E muda sobretudo de figura por causa da visita de três amigos – Elifaz, Baldad e Sofar – que, a princípio, nem sequer o reconhecem, tal a desfiguração provocada pela lepra. Seguem-se sete noites e sete dias de silêncio, até que Job, na presença dos amigos, amaldiçoa o dia do seu nascimento. E os amigos e Job começam a alternar discursos, a partir de um padrão que se repete: enquanto Job insiste em que o seu sofrimento não faz sentido (tendo sido ele sempre um homem recto e piedoso), os amigos, que se supõem um saber maior do que o de Job, procuram-lhe exactamente mostrar que o seu sofrimento faz sentido, isto é, que as suas causas são inteligíveis e compreensíveis.
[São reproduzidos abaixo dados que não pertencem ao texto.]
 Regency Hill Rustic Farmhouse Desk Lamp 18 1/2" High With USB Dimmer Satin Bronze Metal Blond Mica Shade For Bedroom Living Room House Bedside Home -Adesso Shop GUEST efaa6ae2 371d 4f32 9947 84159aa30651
O sofrimento físico e moral extremo de Job é, por assim dizer, ampliado por essa afirmação de sentido para o seu sofrimento que lhe vem da boca dos amigos.

O sofrimento de Job não se podia expressar de forma mais veemente. As setas de Deus estão cravadas nele e a carne, coberta de podridão e imundície, sente-lhes o veneno. Os seus inimigos olham-no com olhos terríveis, abrem a boca para o devorar e batem-lhe no rosto para o ultrajar. Deus despedaça-lhe o corpo com feridas sobre feridas e atira-se a ele, objecto de escárnio, como um guerreiro. Os homens cospem-lhe no rosto e Job sente-se filho da podridão e dos vermes. Irmãos e amigos afastam-se. Os criados olham-no com ar estranho, e tem de suplicar para que o sirvam. A mulher sente repugnância do seu hálito. A pele cola-se aos seus ossos descarnados. Perseguido por Deus e invadido de terror, a sua alma dissolve-se. É preciso realmente ler o texto para nos darmos conta tanto da extrema solidão em que Job se encontra quanto da terrível indistinção entre a enorme dor física e o mal moral que lhe faz dissolver a alma. As imagens de que Job se serve (limitei-me a alguns exemplos) mostram-no da forma mais absoluta.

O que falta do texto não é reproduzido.